Miracoli del potere: stava in mezzo agli afrori dei compagni bolognesi, ma le sue narici già fiutavano il Ponentino che a sera soffia sul Quirinale. Perché, se non si fosse capito, il match per la conquista del Colle è ufficialmente iniziato. Il gong è stato la vittoria a valanga di Renzi. Prima ancora di accettare il nuovo incarico, Giorgio Napolitano aveva fatto sapere che non avrebbe regnato per sette anni. Era sua intenzione abdicare prima e lo è ancora, non appena la crisi italiana sarà avviata a soluzione.

Tre condizioni necessarie: un esecutivo stabile, l'evaporazione del rischio grillino e la messa in sicurezza del convoglio delle riforme. Il risultato strabordante conseguito dal Pd alle Europee archivia anzitempo i primi due punti e pone le basi per la definizione del terzo. E apre così a Napolitano il portone d'uscita del Quirinale, che secondo gli spifferi che trapelano dovrebbe essere varcato nel giro di un anno, probabilmente prima. Alla faccia di chi li dipinge come bolliti, i due diretti interessati hanno mostrato riflessi da cobra, impiegando un millisecondo a capire ciò che il trionfo di Renzi significa per loro.

Da quel gran signore che è, Prodi ha fatto immediato sfoggio di dimenticare l'onta delle 101 schede che lo impallinarono, sulle quali tanti piddini videro le impronte digitali di Renzi e dei suoi (poco elegantemente, l'allora sindaco di Firenze fu il primo ad annunciare la fine della candidatura del Professore).
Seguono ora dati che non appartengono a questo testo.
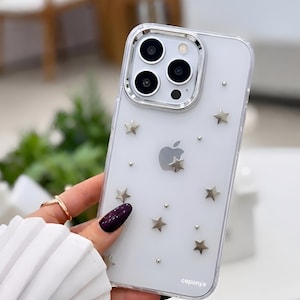 May include: Clear phone case with silver star and dot embellishments. The case has a silver camera ring and the Apple logo. The text "cepoyna" is printed on the bottom right corner of the case.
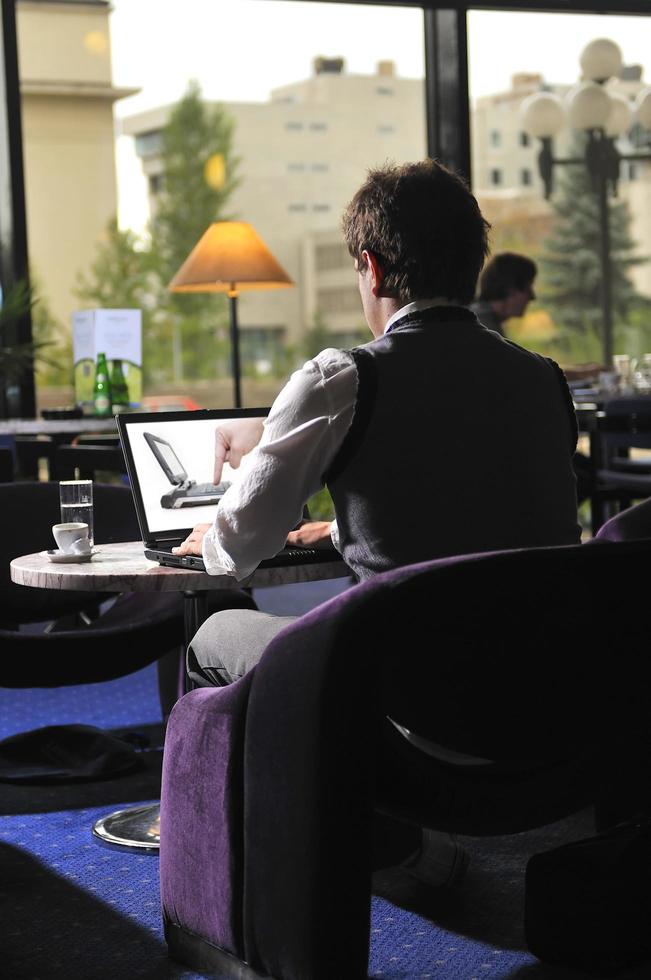 Happy man sitting and working on laptop photo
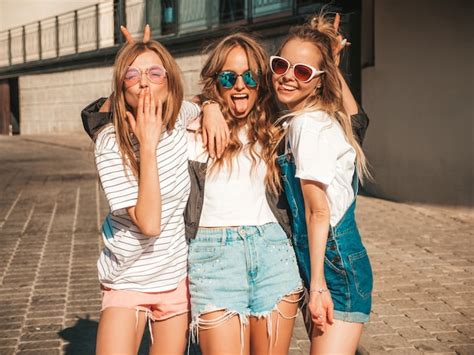 トレンディな夏服の3人の若い美しい笑顔流行に敏感な女の子の肖像画。セクシーな屈託のない女性が通りをポーズします。サングラスで楽しんでいる肯定的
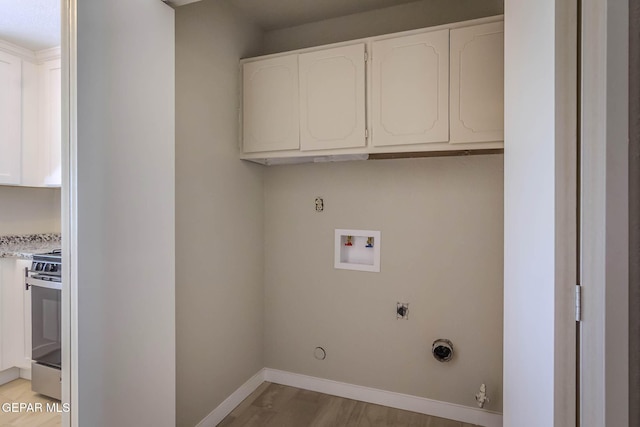 1721 Villa Santos Cir, El Paso, TX 79935 - laundry area with gas dryer hookup, electric dryer hookup, baseboards, hookup for a washing machine, and light wood-style flooring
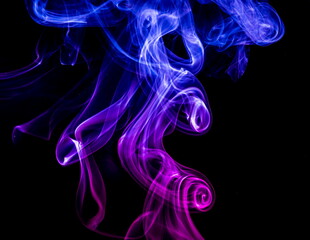 Obraz premium Colored smoke on black background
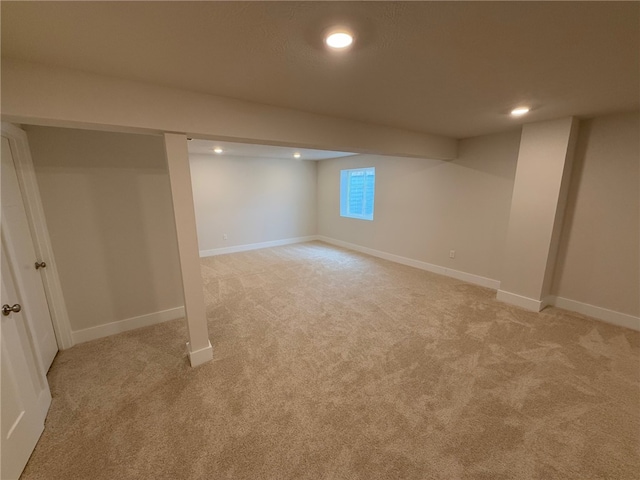 basement featuring recessed lighting, light carpet, and baseboards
Il passato è passato, l'importante è guardare avanti: con generosità,senza avanzare la propria candidatura, ma aspettando che siano gli altri a cogliere l'occasione, Prodi ora offre al partito che ha fondato la meravigliosa opportunità di rimediare all'errore commesso.

L'altro è Walter Veltroni, e tra i due c'è una deliziosa simmetria: se Prodi può sognare il Quirinale perché è il padre del Pd («l'unico partito che esista»ha molto democraticamente commentato dopo le Europee), l'ex sindaco della capitale è corso dall'amico Aldo Cazzullo per far sapere a tutti che lui è il padre politico di Renzi. (In realtà ad accomunarli ci sarebbe anche il giudizio di Massimo D'Alema raccontato da Giampaolo Pansa: «Veltroni e Prodi sono due flaccidi imbroglioni». Ovviamente è una cattiveria che D'Alema provvide subito a smentire).

L'umiltà ostentata in ogni parola (la stessa che un giorno del 2001 gli fece dire che se ne sarebbe andato in Africa, e stiamo ancora aspettando) non deve ingannare. L'intervista al Corriere della Sera serve a Veltroni per rivendicare che è stato lui ad aprire la strada al successo del nuovo segretario: «Renzi e io veniamo da mondi diversi,ma abbiamo la stessa idea: il Pd non deve limitarsi a riempire il proprio recinto, per poi unirlo al recinto dei vicini. Il Pd deve saper parlare a tutti gli italiani».

Come nelle favole, Matteo può raccogliere adesso ciò che babbo Walter ha seminato anni prima. Come nelle favole più belle, il figlio ora ha la possibilità di ricompensare il padre per i sacrifici fatti in passato.

Il cerchio dell'amore a questo punto sarebbe pronto a chiudersi, se non fosse che quella del Pd è una perfetta famiglia progressista, dove di padri ce ne sono due. E siccome adesso è chiaro che il prossimo presidente della Repubblica sarà eletto in questa legislatura e che a sceglierlo provvederà il Pd, cioè Renzi stesso, sarà uno tra papà Prodi e papà Veltroni che ospiteremo al Quirinale per sette anni. E poi dicono che in politica non c'è più posto per i sentimenti.